The five-member board, led by bank President Jose De Gregorio, will hold the benchmark rate at 5.25 percent today, according to 20 of 24 economists surveyed by Bloomberg. Four analysts forecast policy maker will raise borrowing costs by a quarter point to 5.50 percent, the 13th increase in 14 months.
The highest interest rates in more than two years have helped rein in job growth and consumer spending in South America’s fifth-biggest economy, prompting the central bank last month to cut its annual inflation forecast to 4 percent, the upper limit of its target range.
“All the short-run economic indicators we’ve seen at the local and international level without exception point to a stall and even a reversal in inflationary pressures,” said Jorge Selaive, chief economist at Santiago-based Banco de Credito e Inversiones, Chile’s fourth-largest lender. “It’s important to stop and look at the contribution that the recent rate increases are having and will have.”
After keeping the benchmark rate at a record low 0.5 percent for almost a year to help pull the $200 billion economy out of recession, policy makers since June 2010 have raised borrowing costs by 4.75 percentage points. In 2011, Chile has boosted lending rates faster than any other major interest rate-setting economy tracked by Bloomberg except Belarus.
Wages, Jobs, Peso
After holding at 5.25 percent today, policy makers will raise the benchmark rate to 5.5 percent in August and 5.75 percent by year-end, according to the median estimate of 65 economists in a monthly central bank survey published July 12.
Annual inflation will end 2011 at 4 percent, according to the survey, which matches the central bank forecast published June 20. The bank, whose target range is 2 percent to 4 percent, cut its 2011 forecast from 4.3 percent in April.
Since June 14, when policy makers last met, two-year breakeven inflation, which reflects views of average price increases, has declined 35 basis points to 3.21 percent at 11:33 a.m. New York time.
Inflation forecasts have declined because of higher interest rates, government efforts to cut planned spending by 0.4 percent of gross domestic product and a decrease in global price pressures, according to Finance Minister Felipe Larrain, a non-voting member of the central bank board.
“The news since the last monetary policy meeting indicates inflationary pressures are falling,” Selaive said. “We’ve had a decline in salary growth, a decline in the rate of job creation, a decline in retail sales growth and a major appreciation of the exchange rate.”
‘Space for Pauses’
Consumer prices climbed 0.2 percent in June, the national statistics agency said July 8, lower than the 0.3 percent median estimate of 15 analysts surveyed by Bloomberg, and half the 0.4 percent pace recorded in May. Prices rose 0.8 percent in March.
“With these lower-than-estimated increases, and as inflation expectations moderate, there could be space for pauses,” Larrain told reporters after the report. “My personal vision is that we’re very close to the end of the process of returning the monetary policy rate to normal.”

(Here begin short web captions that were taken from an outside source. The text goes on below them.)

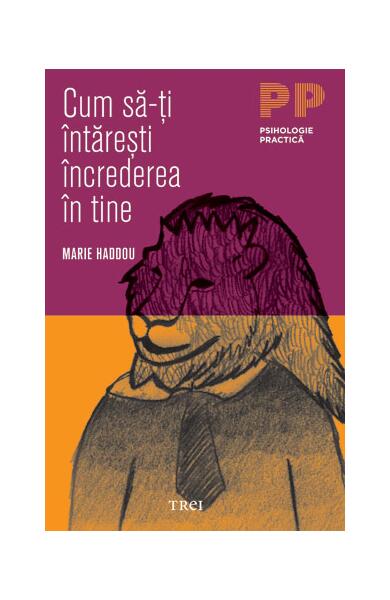 Cum să-ţi întăreşti încrederea în tine - Marie Haddou - Trei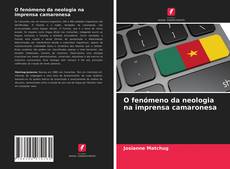 Buchcover von O fenómeno da neologia na imprensa camaronesa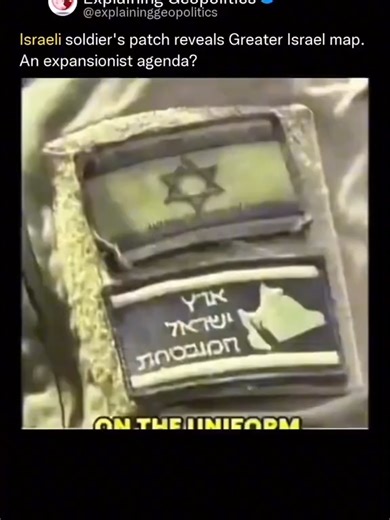 Israeli soldier's patch reveals Greater Israel map. More lebensraum for the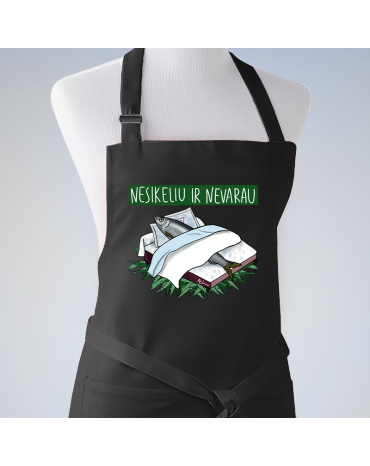 Prijuostė "Nesikeliu ir...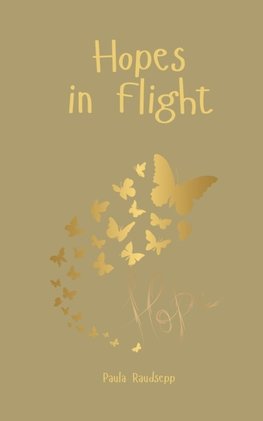 Hopes in Flight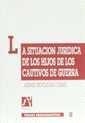 LA SITUACIÓN JURÍDICA DE LOS HIJOS DE LOS CAUTIVOS DE GUERRA | 9788480023030 | AMPARO MONTAÑANA CASANI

Unemployment rose to 7.2 percent in the three months through May from 7 percent through April as salaries declined 0.1 percent in May from the previous month, the Statistics Institute reported June 30 and July 7 respectively.
Retail sales growth, which averaged 16 percent in the first quarter, decelerated to 8.7 percent in April and 8.5 percent in May from last year, the institute said June 29.

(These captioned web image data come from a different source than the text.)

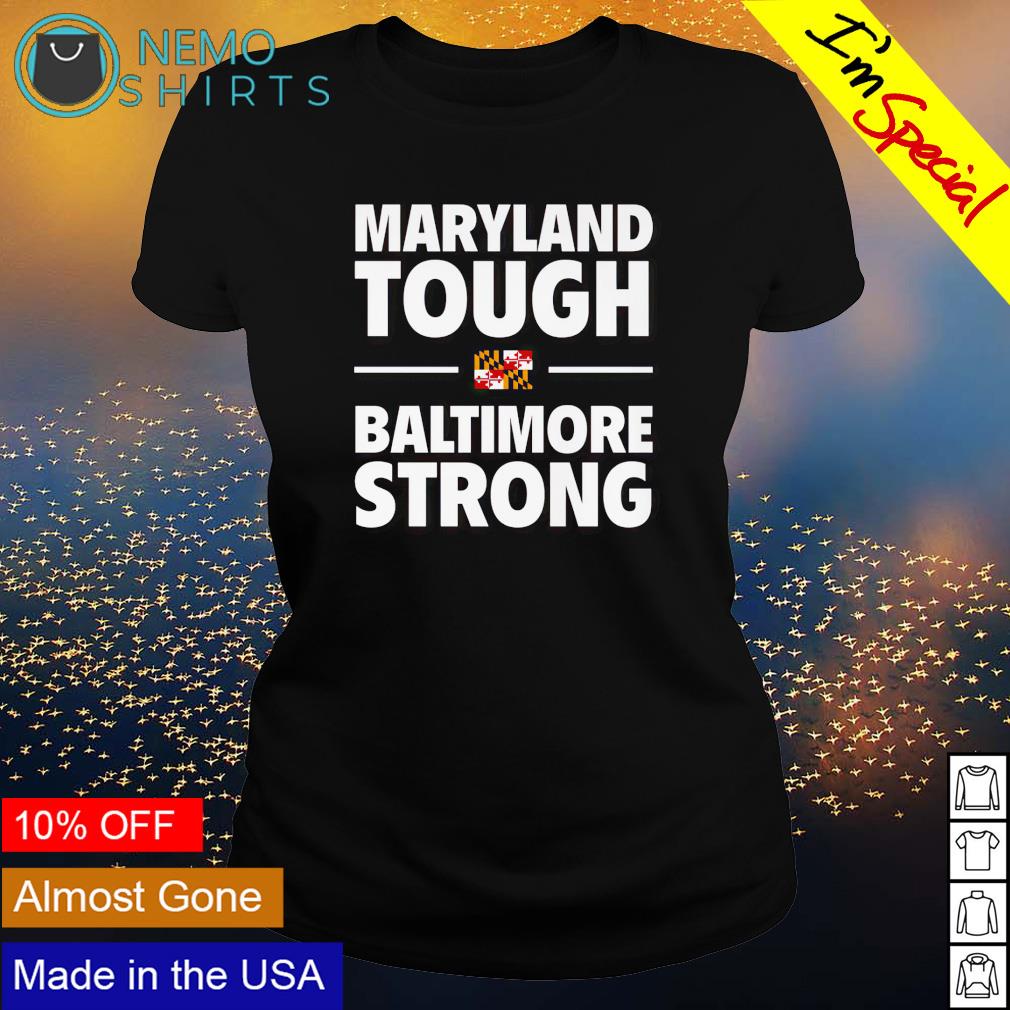 Maryland tough Baltimore strong pray for Baltimore T-shirt, hoodie, sweater  and v-neck t-shirt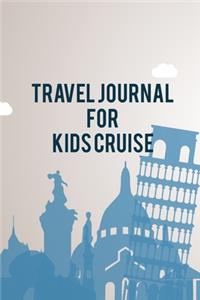 Travel Journal For Kids Cruise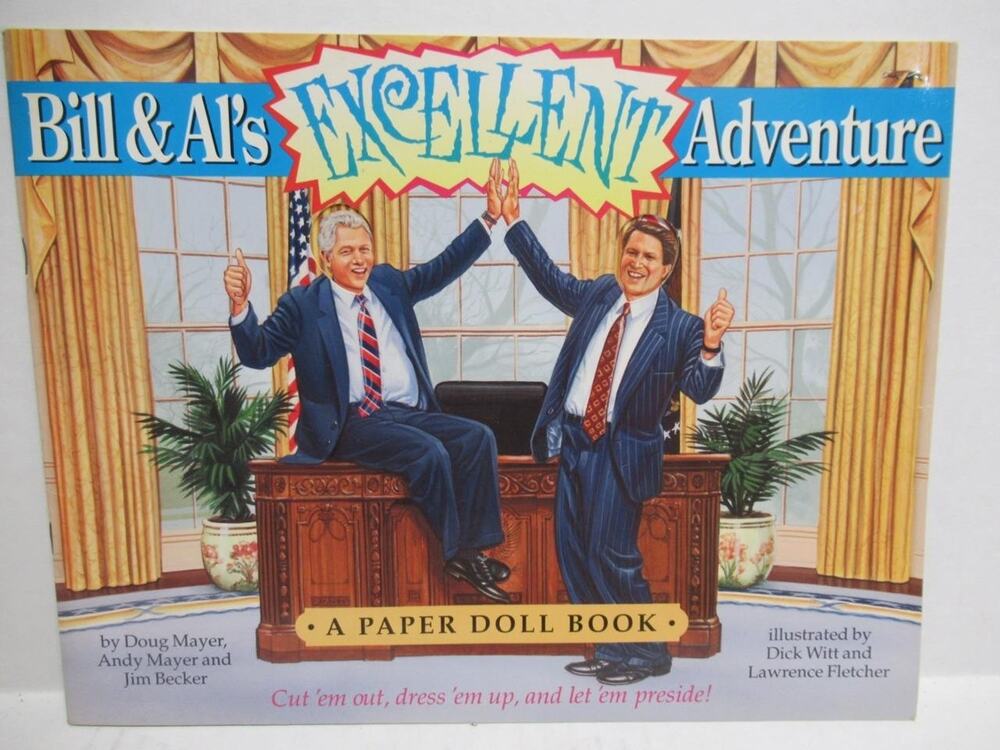Bill Clinton and Al Gore Excellant Adventure Hillary Tipper Paper Doll Set P881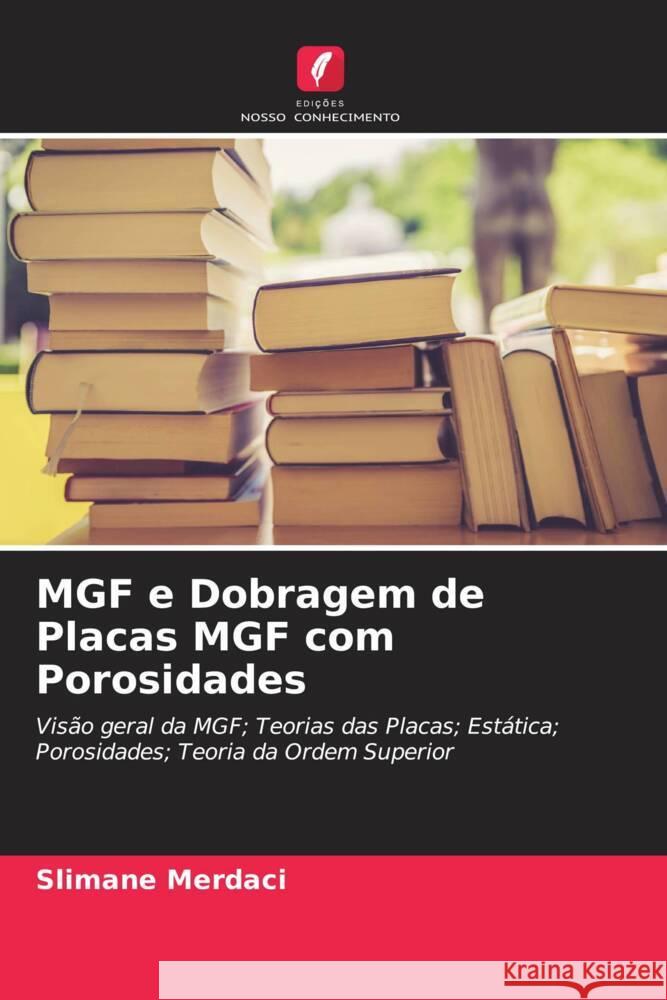 MGF e Dobragem de Placas MGF com Porosidades Merdaci, Slimane 9786204228839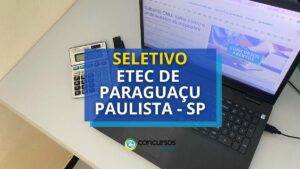 ETEC de Paraguaçu Paulista - SP lança processo seletivo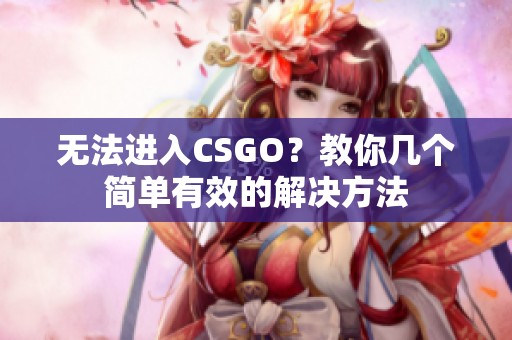 无法进入CSGO?教你几个简单有效的解决方法 无法进入CSGO?教你几个简单有效的解决方法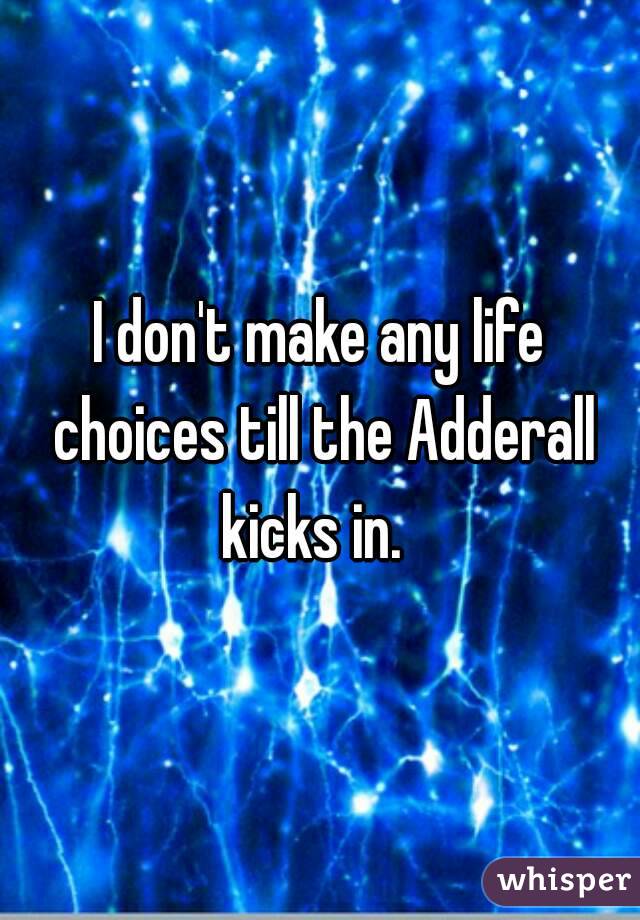 I don't make any life choices till the Adderall kicks in.  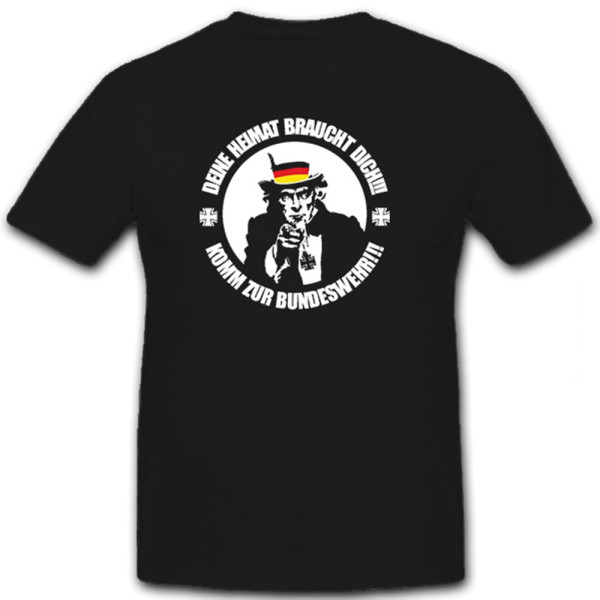 Deine Heimat braucht Dich - T Shirt #6478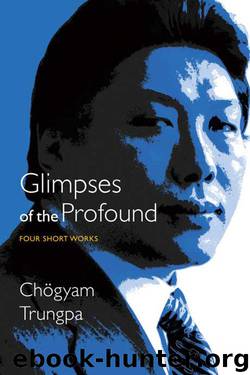 Glimpses of the Profound: Four Short Works by Chogyam Trungpa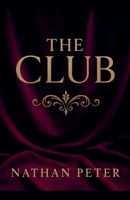 The Club (The Club Series) B0FGDP2WNT Book Cover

The peso has appreciated 5.8 percent against the dollar in the past six months, the third-best performance among the seven major Latin American currencies tracked by Bloomberg after Brazil’s real and Colombia’s peso. A stronger peso can reduce the price of imports.
In trading today, the currency rose 0.1 percent to 462.65 per dollar at 11:57 a.m. from 462.95 yesterday.

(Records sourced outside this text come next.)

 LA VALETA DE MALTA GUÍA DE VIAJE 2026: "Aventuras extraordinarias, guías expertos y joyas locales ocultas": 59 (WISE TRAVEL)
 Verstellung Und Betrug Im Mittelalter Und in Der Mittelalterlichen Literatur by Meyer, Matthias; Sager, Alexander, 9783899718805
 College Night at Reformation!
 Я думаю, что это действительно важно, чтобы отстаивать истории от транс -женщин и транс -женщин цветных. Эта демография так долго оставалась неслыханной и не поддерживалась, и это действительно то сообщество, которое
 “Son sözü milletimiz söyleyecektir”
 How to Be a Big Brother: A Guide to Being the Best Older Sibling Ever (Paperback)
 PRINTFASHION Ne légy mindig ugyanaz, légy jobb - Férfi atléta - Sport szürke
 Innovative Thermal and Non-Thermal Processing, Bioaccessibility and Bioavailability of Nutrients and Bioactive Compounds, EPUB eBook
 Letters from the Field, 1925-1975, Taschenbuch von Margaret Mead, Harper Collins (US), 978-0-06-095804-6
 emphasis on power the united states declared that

To be sure, the central bank eventually will raise interest rates around levels that would neither stimulate nor constrict economic growth and consumer prices, De Gregorio told senators on June 20.
“Monetary policy must be located around its neutral level,” De Gregorio said in prepared remarks. “The best advice is to continue removing the monetary stimulus. The timing of such changes will have to be revised meeting to meeting, including pauses to evaluate the effects of the adjustments on the economy.”